Moving on to Slide 7 at our operating expenses. Our operators continue their effective focus on expense management. In Q2, total operating expenses increased only 0.4% on organic basis compared to last year. Sequentially moving between Q1 and Q2, operating expenses remained very well-managed, and for the trailing 12 months increased only 1.8% organically, well below organic revenue growth of 3.7% over the same period.

Total salaries and wage expenses were 63.5% of revenue in Q2 compared to 62.9% of revenue last year. On a trailing 12-month basis to June 30, total salaries and wage expenses were 63% compared to 63.8% for the same period a year ago.

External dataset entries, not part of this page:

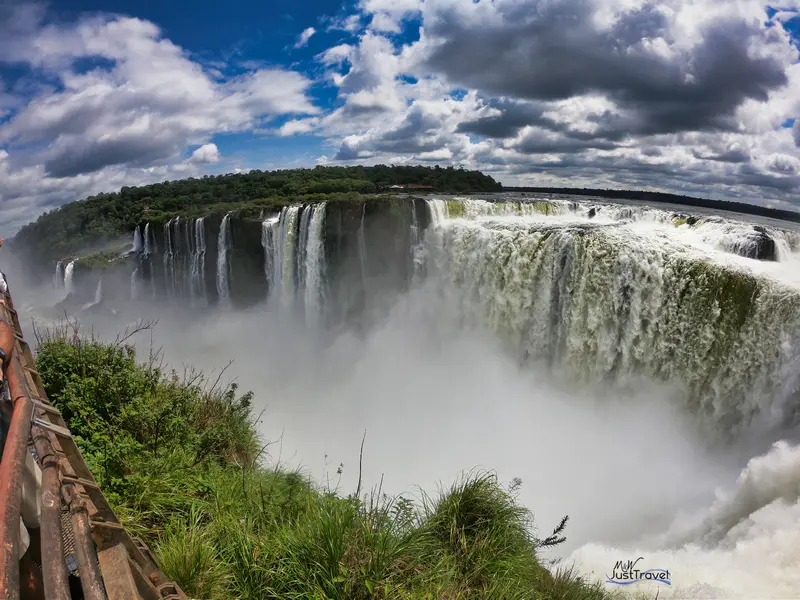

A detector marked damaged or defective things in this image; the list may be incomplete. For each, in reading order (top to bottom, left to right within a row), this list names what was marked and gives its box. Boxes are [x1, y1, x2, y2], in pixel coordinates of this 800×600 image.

rusty metal railing [0, 278, 186, 600]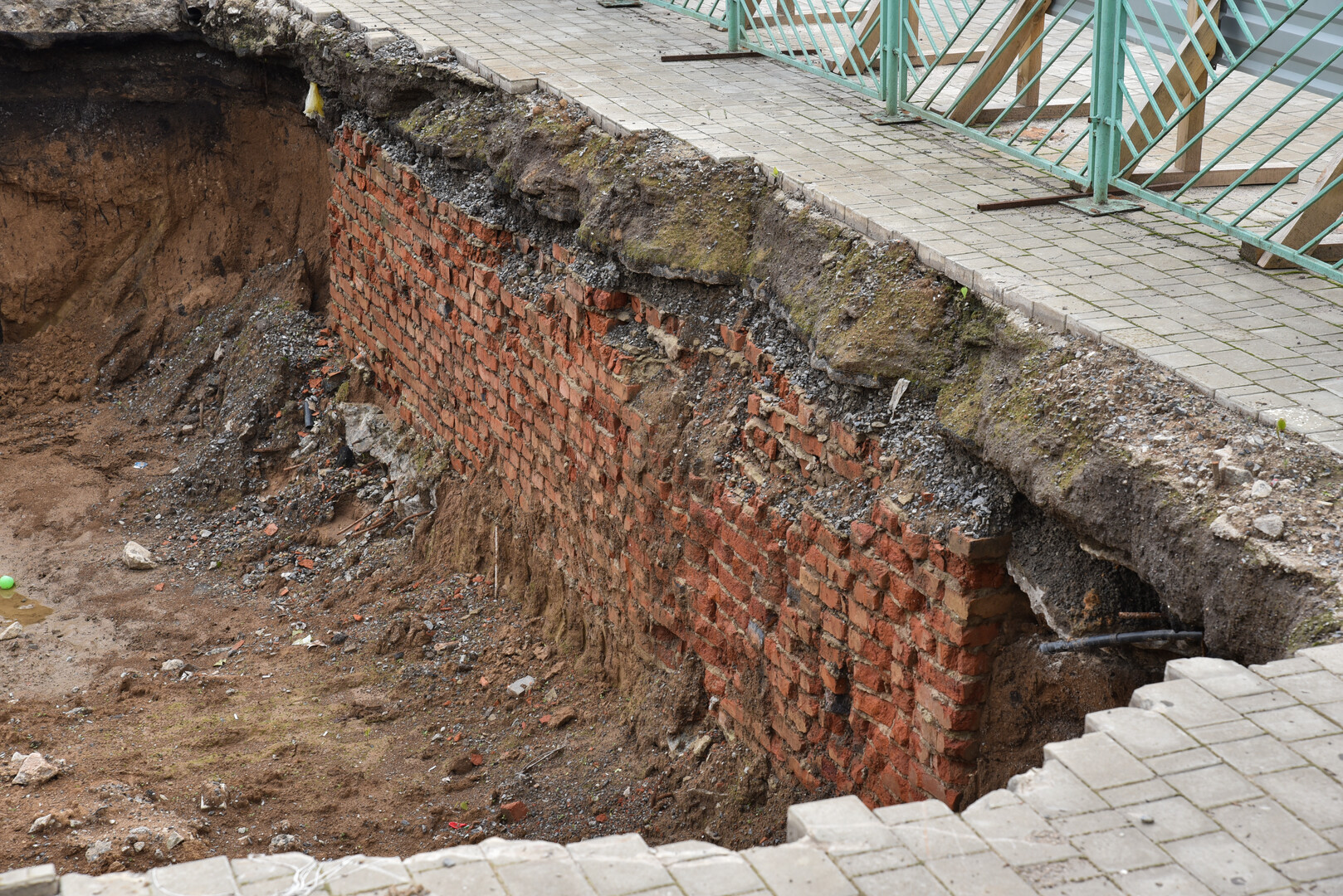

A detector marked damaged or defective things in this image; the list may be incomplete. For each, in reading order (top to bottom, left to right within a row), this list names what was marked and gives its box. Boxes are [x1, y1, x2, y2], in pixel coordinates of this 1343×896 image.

broken concrete edge [283, 0, 1332, 456]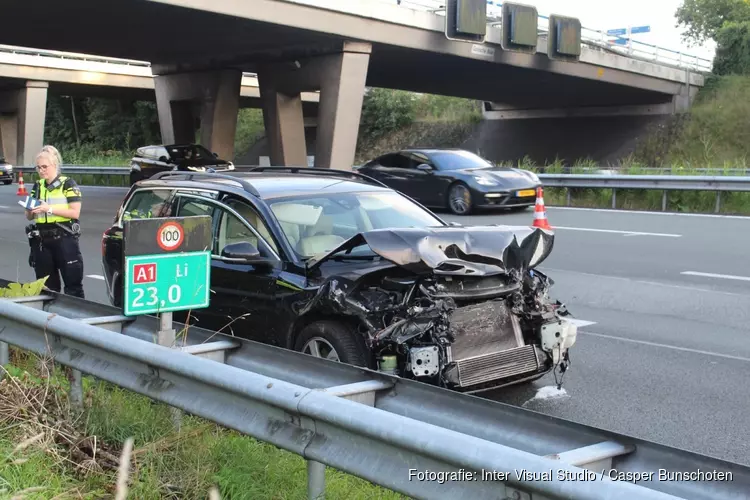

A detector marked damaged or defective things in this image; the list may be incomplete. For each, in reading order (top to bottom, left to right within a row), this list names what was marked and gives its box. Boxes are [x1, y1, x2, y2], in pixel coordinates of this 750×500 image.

severely damaged black suv [103, 169, 580, 394]
crumpled hood [306, 225, 560, 276]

Headcount at quarter end was 42,800 people, a year-on-year increase of 1.7%. 1/3 of that increase was from net acquisitions completed over the last 12 months. The remaining hiring reflects investment and growing disciplines such as media, public relations and the digital services throughout agencies. It also supports growth in markets such as China, India and Brazil. Offsetting these investments were reductions in Continental Europe and the U.S., tracking our revenue decreases.

Severance expense was 1.2% of Q2 revenue compared with 1.3% a year ago. Incentive expense in the quarter was 3.3% of revenue compared with 3.5% a year ago. For the full-year, we continue to expect incentive expense in the range of 3.5% to 4% of revenue.

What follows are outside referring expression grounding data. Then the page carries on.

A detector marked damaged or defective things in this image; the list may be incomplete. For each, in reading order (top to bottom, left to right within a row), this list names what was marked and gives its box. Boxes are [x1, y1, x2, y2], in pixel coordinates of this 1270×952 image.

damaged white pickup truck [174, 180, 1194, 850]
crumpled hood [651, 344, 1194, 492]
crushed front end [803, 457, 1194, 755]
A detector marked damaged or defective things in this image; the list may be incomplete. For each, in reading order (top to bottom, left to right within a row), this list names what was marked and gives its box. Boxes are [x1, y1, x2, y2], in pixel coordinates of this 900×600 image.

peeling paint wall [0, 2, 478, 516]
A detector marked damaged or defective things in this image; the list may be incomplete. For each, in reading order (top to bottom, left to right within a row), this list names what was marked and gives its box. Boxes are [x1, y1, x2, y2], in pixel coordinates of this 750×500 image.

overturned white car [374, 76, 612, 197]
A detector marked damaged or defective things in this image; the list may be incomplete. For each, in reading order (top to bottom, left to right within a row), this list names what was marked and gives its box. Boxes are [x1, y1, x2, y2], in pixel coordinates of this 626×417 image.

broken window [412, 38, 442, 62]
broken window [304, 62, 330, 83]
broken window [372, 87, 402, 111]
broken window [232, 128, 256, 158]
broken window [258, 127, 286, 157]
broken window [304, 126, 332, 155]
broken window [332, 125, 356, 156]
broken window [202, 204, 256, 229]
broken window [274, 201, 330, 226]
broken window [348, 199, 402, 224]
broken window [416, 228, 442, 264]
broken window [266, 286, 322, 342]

Turning to office and general expenses on the lower half of the slide. O&G was $450 million in Q2, a decrease of 2.3% on organic basis from a year ago. O&G expense was 26.3% of revenue compared to 27.1% a year ago, an 80 basis point improvement. We drove 40 basis points of leverage on occupancy expense as we continue to find efficiencies in our real estate portfolio. We had 50 basis points of leverage on our other O&G category. This is due to lower pass-through costs, which I previously mentioned.

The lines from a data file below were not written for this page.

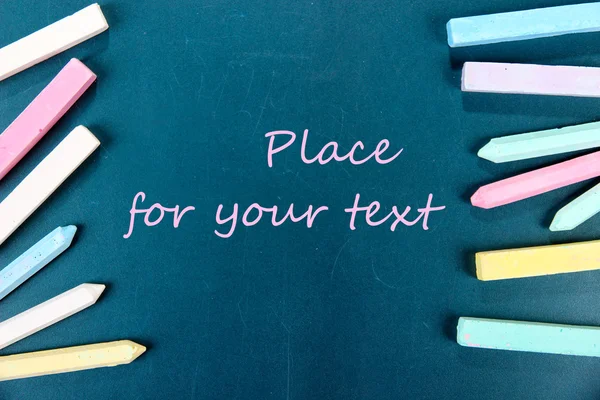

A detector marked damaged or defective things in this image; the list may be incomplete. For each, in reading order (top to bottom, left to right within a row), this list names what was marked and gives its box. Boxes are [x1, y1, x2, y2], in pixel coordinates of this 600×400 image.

broken chalk piece [0, 3, 106, 81]
broken chalk piece [446, 1, 600, 47]
broken chalk piece [464, 62, 600, 98]
broken chalk piece [0, 58, 95, 182]
broken chalk piece [478, 120, 600, 162]
broken chalk piece [0, 126, 99, 247]
broken chalk piece [472, 148, 600, 208]
broken chalk piece [552, 182, 600, 231]
broken chalk piece [0, 225, 77, 300]
broken chalk piece [474, 239, 600, 280]
broken chalk piece [0, 282, 104, 350]
broken chalk piece [0, 340, 145, 382]
broken chalk piece [458, 318, 600, 358]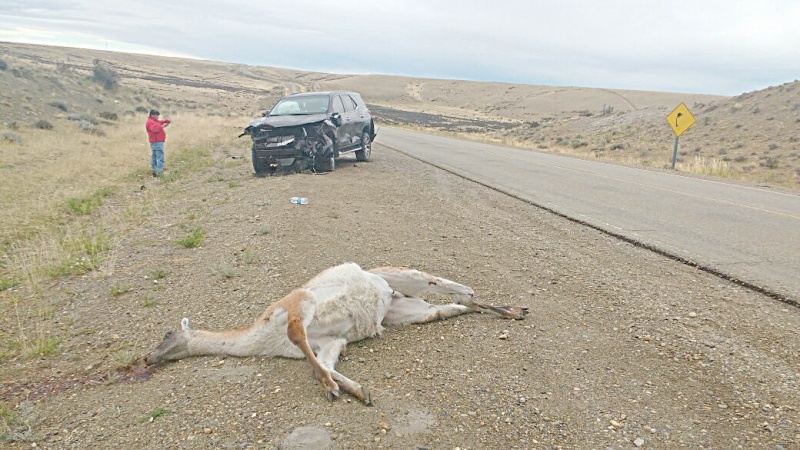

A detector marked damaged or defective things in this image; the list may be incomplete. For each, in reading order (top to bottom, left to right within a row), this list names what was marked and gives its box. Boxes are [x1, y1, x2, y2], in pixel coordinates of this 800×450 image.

crushed front end [241, 118, 334, 176]
damaged black suv [239, 90, 376, 175]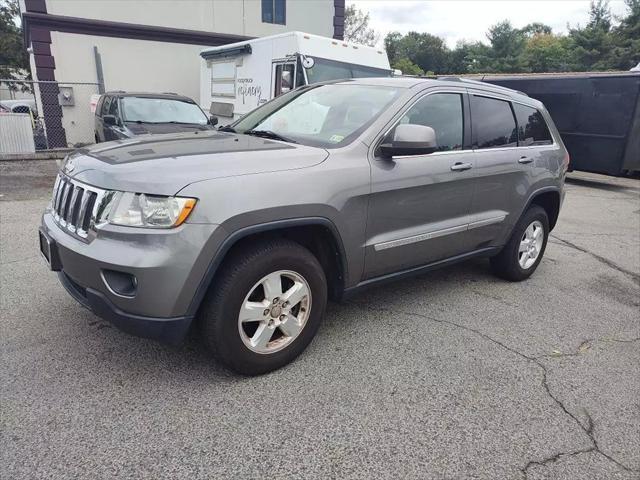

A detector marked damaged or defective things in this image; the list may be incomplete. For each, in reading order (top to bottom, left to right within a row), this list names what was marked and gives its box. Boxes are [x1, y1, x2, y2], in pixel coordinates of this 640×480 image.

crack in asphalt [552, 233, 640, 284]
crack in asphalt [350, 300, 640, 476]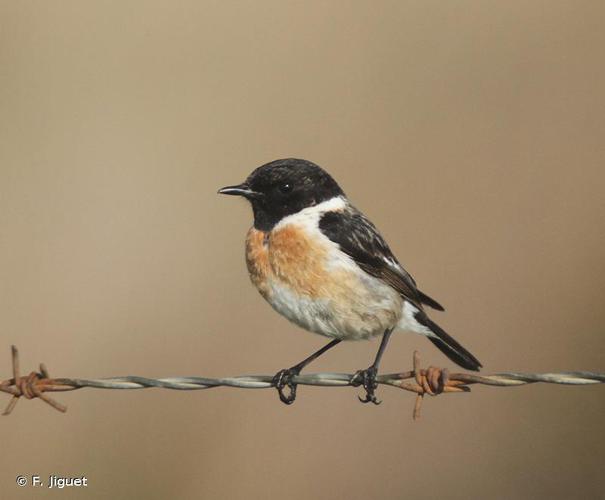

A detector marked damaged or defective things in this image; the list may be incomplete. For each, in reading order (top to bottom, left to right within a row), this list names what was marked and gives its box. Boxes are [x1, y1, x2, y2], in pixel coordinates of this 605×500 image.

rusty barb [1, 346, 604, 420]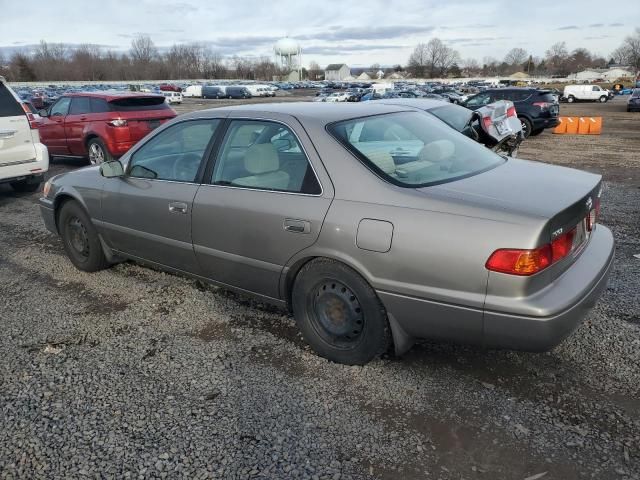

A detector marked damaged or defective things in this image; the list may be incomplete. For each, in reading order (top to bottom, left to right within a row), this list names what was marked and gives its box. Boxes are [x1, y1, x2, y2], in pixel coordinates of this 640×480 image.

damaged vehicle [38, 102, 616, 364]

For the trailing 12 months, O&G expense was 27.1% of our revenue compared with 27.9% a year ago.

On Slide 8, we show our operating margin improvement on a trailing 12-month basis, with the most recent data point of 9.9% for Q2 2012. As we have said previously, our target level for 2012 is to improve at least 50 basis points with our objective fully competitive profitability by 2014.

Turning to the current portion of our balance sheet on Slide 9, we ended the quarter with $1.5 billion cash in marketable securities compared with $1.8 billion a year ago, a decrease of approximately $300 million. The comparison includes $490 million return to shareholders over the last 12 months in the form of share repurchase and common stock dividends, as well as a net reduction of $150 million in our long-term debt.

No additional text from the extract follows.